14 Sep Is Land Rovers Boat for Americas Cup Bringing Us One Step Closer to Flying Cars?
Photos Credit: Land Rover BAR
It’s counterintuitive, but the extraordinary sailboats used to race in this year’s 35th America’s Cup competition in Bermuda, don’t actually float in the water for most of the thrilling race course. They fly.
It’s a new phenomenon in the competition for the oldest sporting trophy in the world. And the British racing team in particular is determined to take sailing technology above and beyond the norm with the help of the Land Rover engineering team. Two years ago, Sir Ben Ainsley—considered the world’s best sailing skipper—formed Ben Ainsley Racing to propel the British sailing team to international victories by forming an alliance with Land Rover engineers. Their goal was to develop the fastest, most advanced sailboat ever built. In 2015, Land Rover BAR was created and headquartered at Portsmouth, England, and the quest to become the best began.
“We are determined to achieve our goal to bring the America’s Cup home to Britain,” said 2013 America’s Cup champion Ainslie, who won with Oracle Team USA and notes that in the 166-year history of the sport, his British homeland has never succeeded. His current team is talent rich with five Olympic gold medalists. “This team has really taken on the challenge. We are working with the best technology leaders Land Rover can offer. They are a great British brand and a fantastic engineering and technology company who work hand-in-hand with our design and engineering team.”
It took two years, $10 million, 35,000 man-hours, and 60,000 megabytes of data to design and build four test boats leading up to the final R1 race model for the 2017 America’s Cup competition. Astonishingly, the R1’s top speed is three-and-one-half-times the speed of wind. This is achieved by aerodynamics that raise the 2.5-ton boat above the waterline on wing-like hydrofoils the size of ironing boards. Ainslie controls the turns with a custom steering wheel based on the one for Land Rover’s new Discovery, complete with gear-shift paddles that control the boat’s height above the water. A 78.6-foot-tall Boeing 707 carbon-fiber sail acts as a wing providing the R1’s “engine” thrust.
“These boats literally do fly,” says Martin Whitmarsh, CEO of Land Rover BAR, and the former head of McLaren Racing and the Formula One Teams Association. “It’s something that started happening quite recently in the 2016 America’s Cup.
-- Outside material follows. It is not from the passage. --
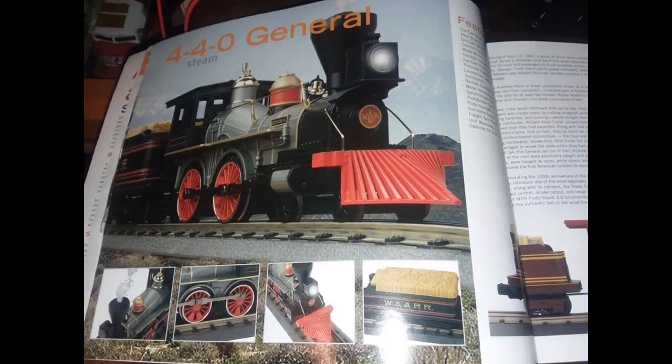This is the General, the Western and Atlantic steam locomotive from the Great Locomotive Chase. Some of you know I already have the Texas in my fleet, but I do not have the General from this same run. I would like to find the General as well because that version also has Protosound 3.0. It would be really nice to have the General along with the Texas I've had for several years. Now that I have this catalog, I can know exactly what catalog it came from and the part number without even getting on the internet.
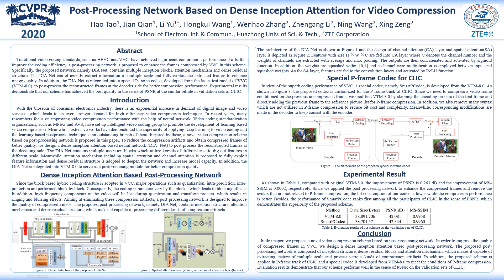In addition, the DIANET is integrated into a special p-frame codec, developed from the latest test model of VVC, VTM 8.0, to post-process the reconstructed frames at the decoder side for better compression performance.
Incredibly, these boats will maneuver around the course and cross the finish line without touching down in the water. It’s a whole new field of sailing, breaking speed records day-by-day.”
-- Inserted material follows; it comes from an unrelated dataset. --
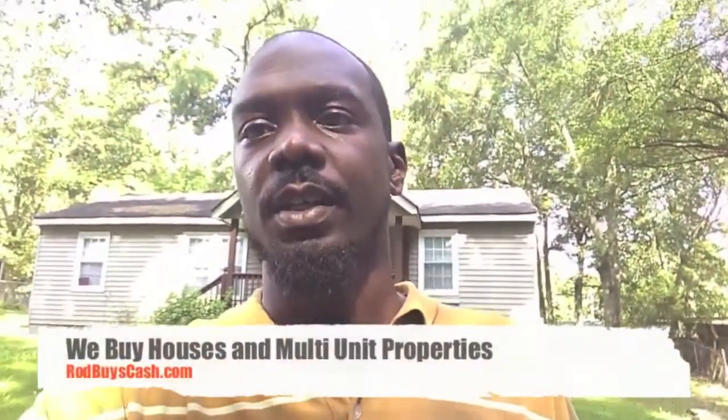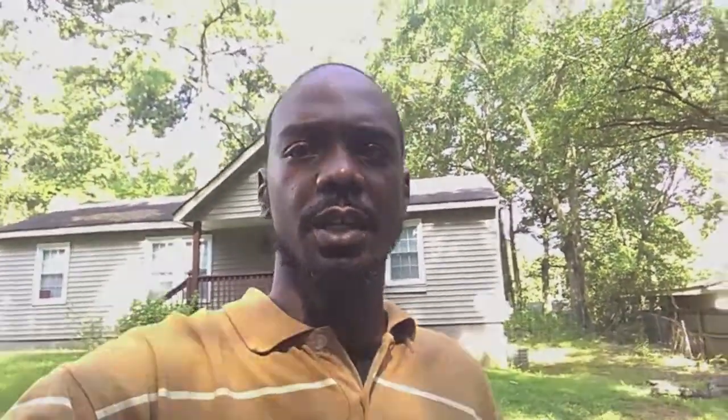If you have a property that you want to get rid of, you can give us a call — we'll do the same for you. Four-four-nine, nine-seven-three, five-five-five, or check us out online at RobBuysCash.com.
To achieve this feat, Land Rover BAR’s engineering team focused their efforts in three areas: aerodynamics of the “powerhouse” wing sail, machine learning and artificial intelligence data analysis, and human machine interface, which is essentially the way Sir Ben and the sailors interact and control the boat. And it’s lessons learned in these three areas that are leading to real-life innovations in Land Rover automobiles, such as the all-new Land Rover Discovery, introduced at a 2016 global reveal by the Land Rover BAR team.
For example, one tangible application is being made to car touchscreens. Thanks to experience and data collected on the water, the Land Rover BAR team has learned how to improve software and coding to prevent screen reflection at faster speeds. Aerodynamic lessons taught at sea are also finding practical use in virtual design innovations thanks to Fluid Structure Interaction which allows engineers to view the effects of motion and wind on the surfaces of a car much more realistically. This advanced aerodynamic simulation will allow designers to improve auto performance by taking weight out of the car, and stiffness out of body panels, fenders, and sunroofs where it’s not needed. Jump years ahead, and the same concepts – and perhaps a carbon-fiber Boeing wing — could lead to practical designs for real-life flying cars.
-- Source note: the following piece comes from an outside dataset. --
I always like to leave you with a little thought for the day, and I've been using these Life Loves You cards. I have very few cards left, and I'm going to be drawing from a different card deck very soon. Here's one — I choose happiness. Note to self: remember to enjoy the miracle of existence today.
The future is now with Jaguar Land Rover’s Self Learning Car, a pioneer effort in the use of big data in the automotive industry. The company is throwing its considerable weight behind the ultimate intelligent driving experience by using the artificial-intelligence framework to allow cars to understand the driver’s personal preferences. It’s a safe bet that the Land Rover BAR team will be accelerating its use of artificial-intelligence for their next generation of racing rigs. “The technology is still in its infancy,” says Whitmarsh, who’s already planning bold improvements for next year’s Land Rover BAR competition vessel. “We’re talking high performance car acceleration on a boat. The sky’s the limit to where this could take autos.”